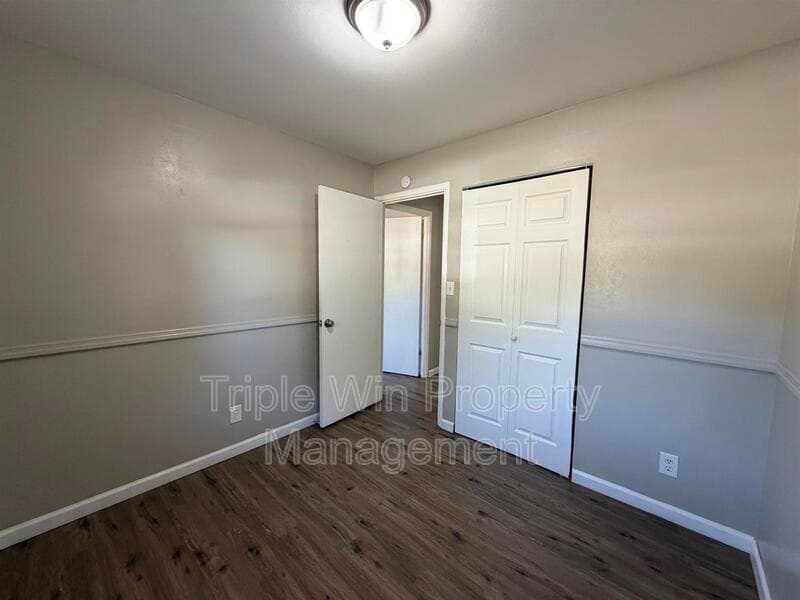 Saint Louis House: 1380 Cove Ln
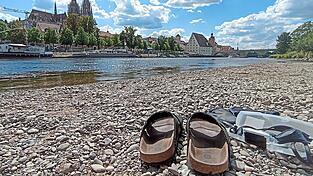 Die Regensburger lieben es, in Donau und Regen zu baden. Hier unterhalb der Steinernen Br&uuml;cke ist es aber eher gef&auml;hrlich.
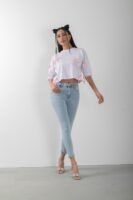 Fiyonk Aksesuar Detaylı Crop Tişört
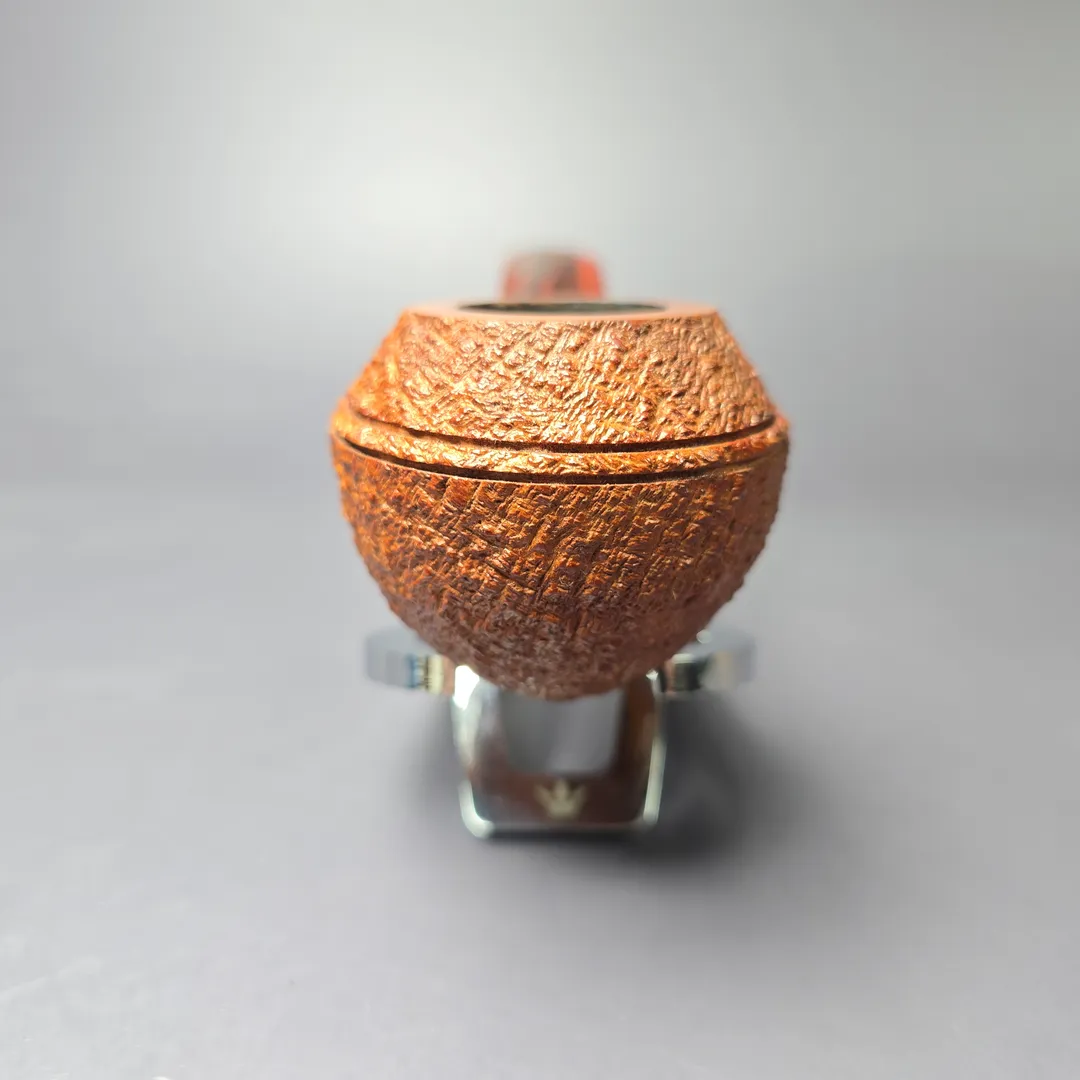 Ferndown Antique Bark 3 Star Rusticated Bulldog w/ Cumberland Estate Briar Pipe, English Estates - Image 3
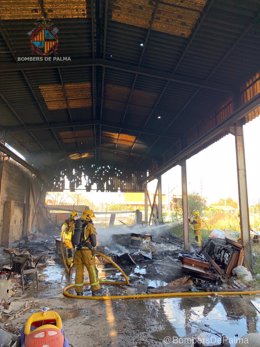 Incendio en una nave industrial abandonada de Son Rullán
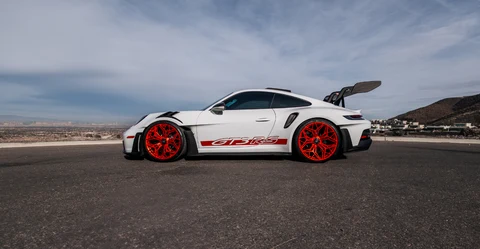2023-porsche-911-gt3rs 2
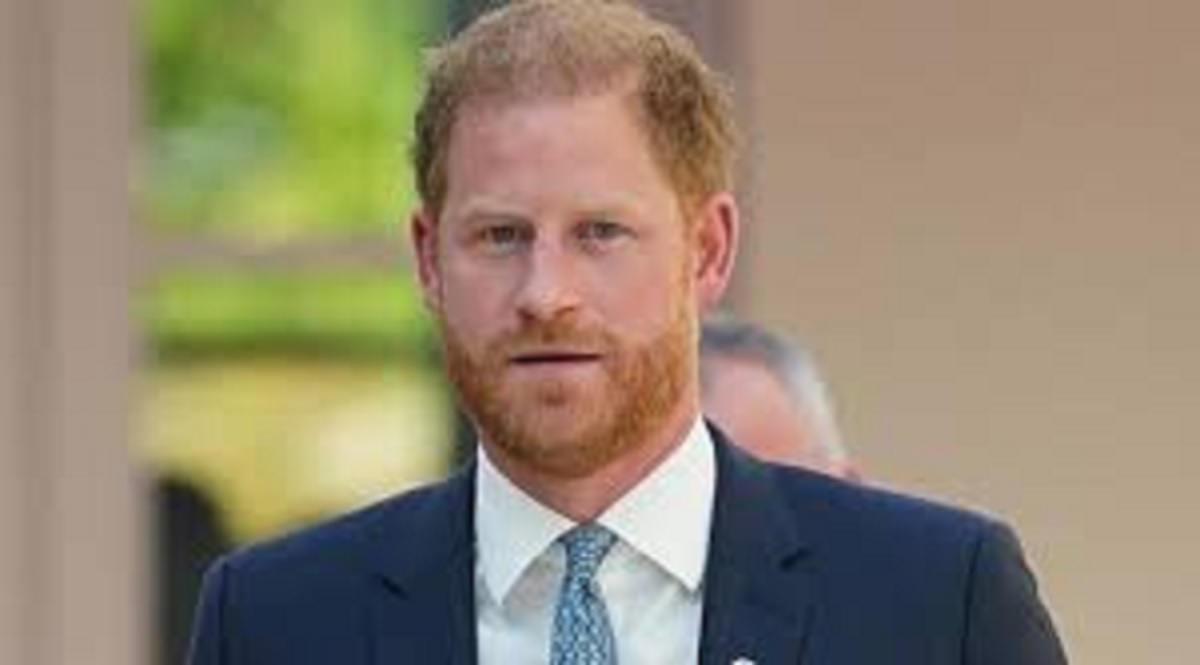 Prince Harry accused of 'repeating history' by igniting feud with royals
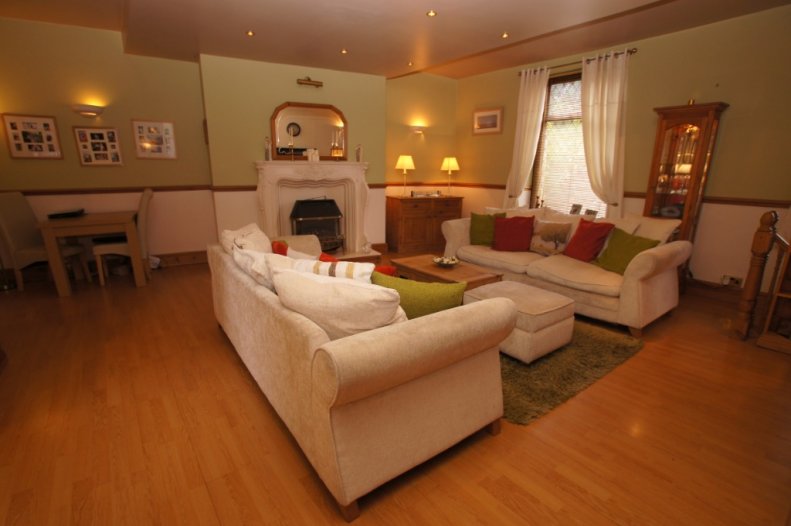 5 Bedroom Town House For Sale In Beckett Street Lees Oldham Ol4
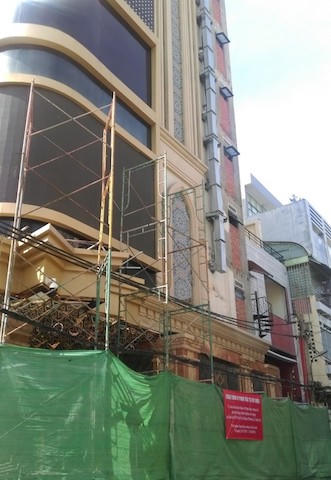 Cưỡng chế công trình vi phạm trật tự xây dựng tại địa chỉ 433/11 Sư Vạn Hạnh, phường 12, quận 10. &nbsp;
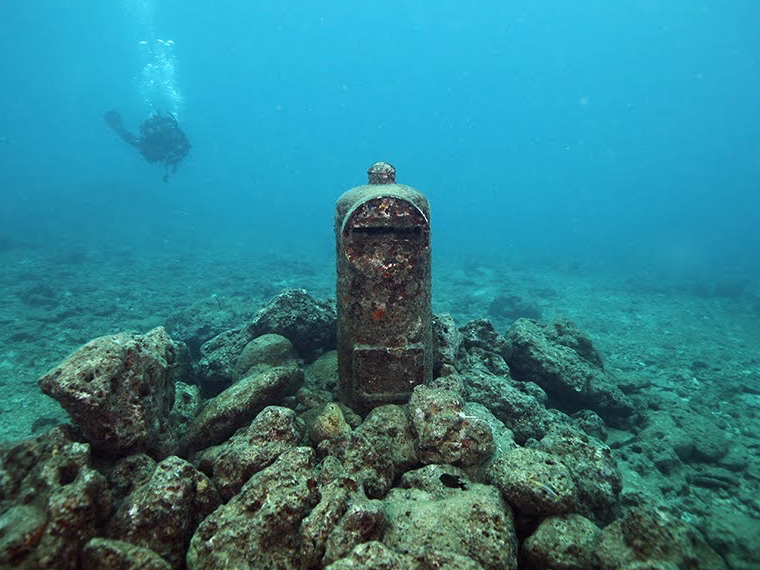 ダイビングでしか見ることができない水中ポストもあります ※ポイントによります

--

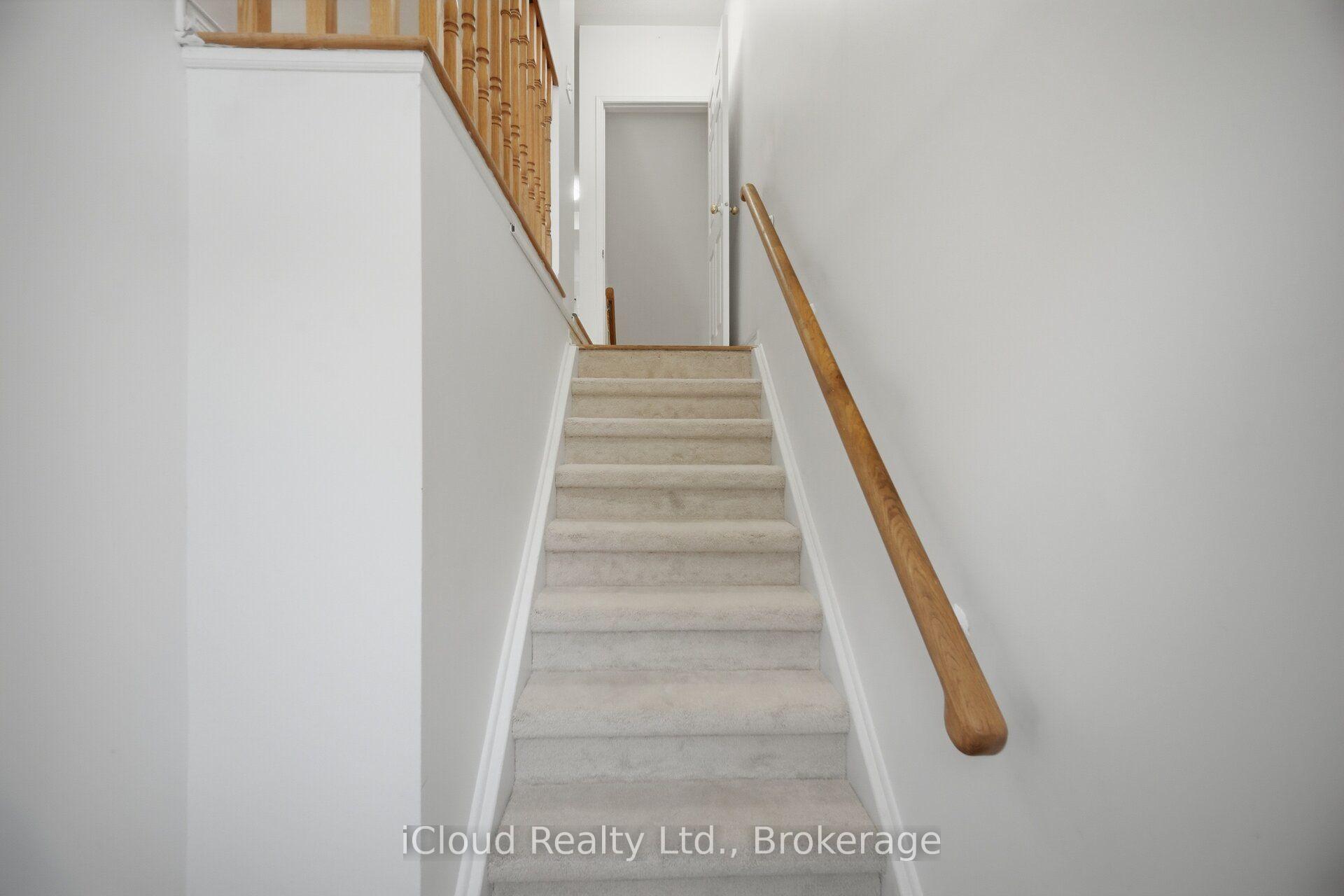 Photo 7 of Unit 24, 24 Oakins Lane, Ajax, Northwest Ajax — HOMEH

Work order
Once the line with "Ferndown Antique Bark" is found above, transcribe each line from it through the line with "ダイビングでしか見ることができない水中ポストもあります ※ポイントによります", exactly, and omit the pictures.

Task result
 Ferndown Antique Bark 3 Star Rusticated Bulldog w/ Cumberland Estate Briar Pipe, English Estates - Image 3
 Incendio en una nave industrial abandonada de Son Rullán
2023-porsche-911-gt3rs 2
 Prince Harry accused of 'repeating history' by igniting feud with royals
 5 Bedroom Town House For Sale In Beckett Street Lees Oldham Ol4
 Cưỡng chế công trình vi phạm trật tự xây dựng tại địa chỉ 433/11 Sư Vạn Hạnh, phường 12, quận 10. &nbsp;
 ダイビングでしか見ることができない水中ポストもあります ※ポイントによります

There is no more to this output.